Activity >>
An exact copy of the data is required, with no pictures in it.
== Segment start ==
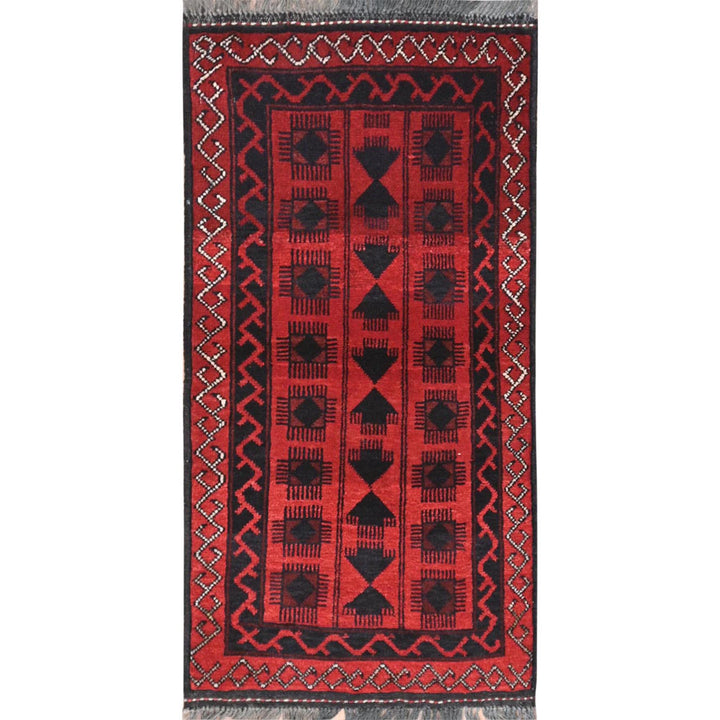 1'9" x 3'4" New Hand Knotted Red Cotton Rectangle Oriental Rug - MOA10285169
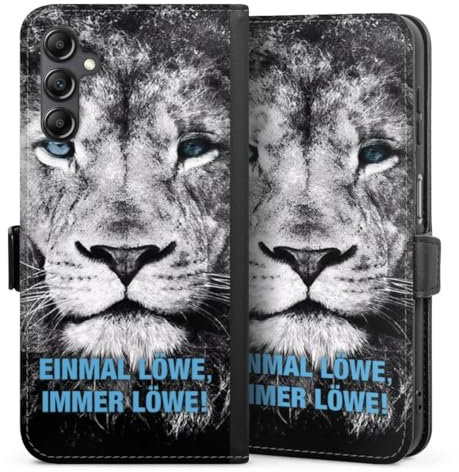 Klapphülle kompatibel mit Samsung Galaxy A 14 5G Handyhülle aus Kunst Leder schwarz Flip Case TSV 1860 München Löwe Offizielles Lizenzprodukt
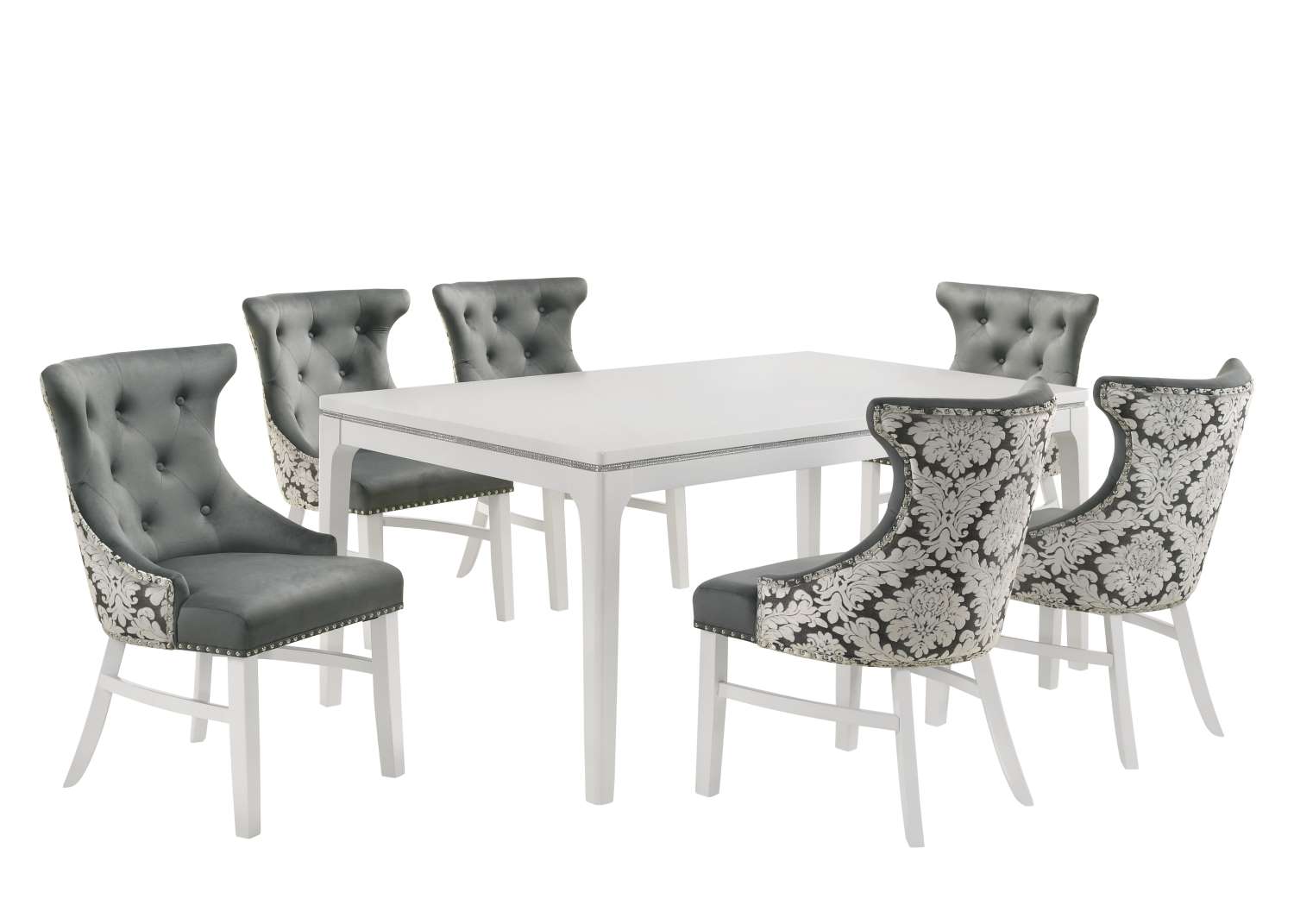 Silvia Dining Chair - White, Grey
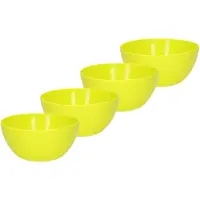 Forte Plastics Plasticforte kommetjes/schaaltjes - 4x - dessert/ontbijt - kunststof - D14 x H6 cm - groen - Kommetjes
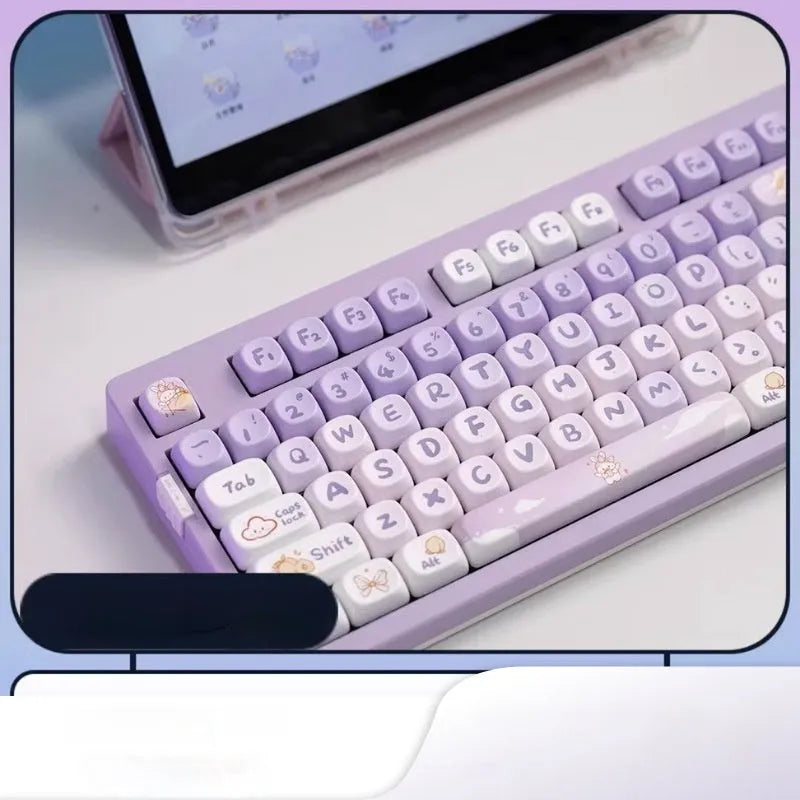 Set of gradient purple PBT keycaps with colourful Coeco rabbit artwork for mechanical keyboards.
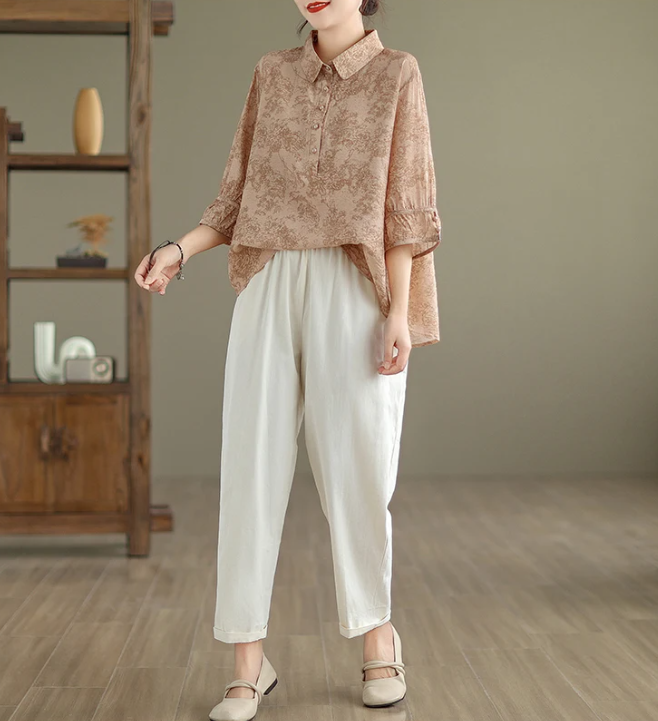 Vintage Print Casual 2 Piece Set Short Sleeve Loose T-shirt Tops Femme Harem Pants Suits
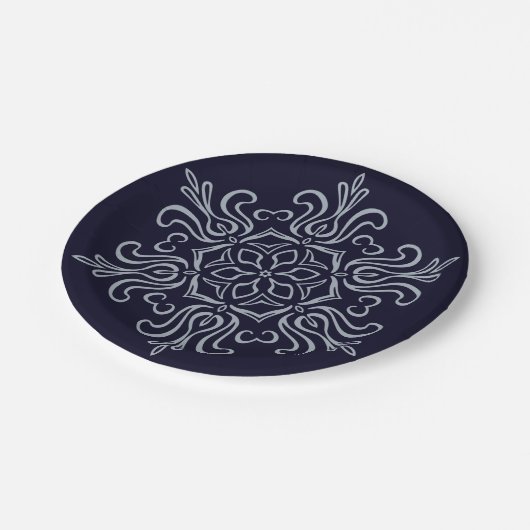  Silver Snowflake Papieren Bordje (Gekanteld)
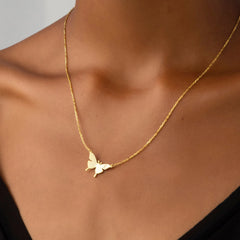 Butterfly Initial Necklace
== Segment end ==
Output of the task >>
 1'9" x 3'4" New Hand Knotted Red Cotton Rectangle Oriental Rug - MOA10285169
 Klapphülle kompatibel mit Samsung Galaxy A 14 5G Handyhülle aus Kunst Leder schwarz Flip Case TSV 1860 München Löwe Offizielles Lizenzprodukt
 Silvia Dining Chair - White, Grey
 Forte Plastics Plasticforte kommetjes/schaaltjes - 4x - dessert/ontbijt - kunststof - D14 x H6 cm - groen - Kommetjes
 Set of gradient purple PBT keycaps with colourful Coeco rabbit artwork for mechanical keyboards.
 Vintage Print Casual 2 Piece Set Short Sleeve Loose T-shirt Tops Femme Harem Pants Suits
  Silver Snowflake Papieren Bordje (Gekanteld)
 Butterfly Initial Necklace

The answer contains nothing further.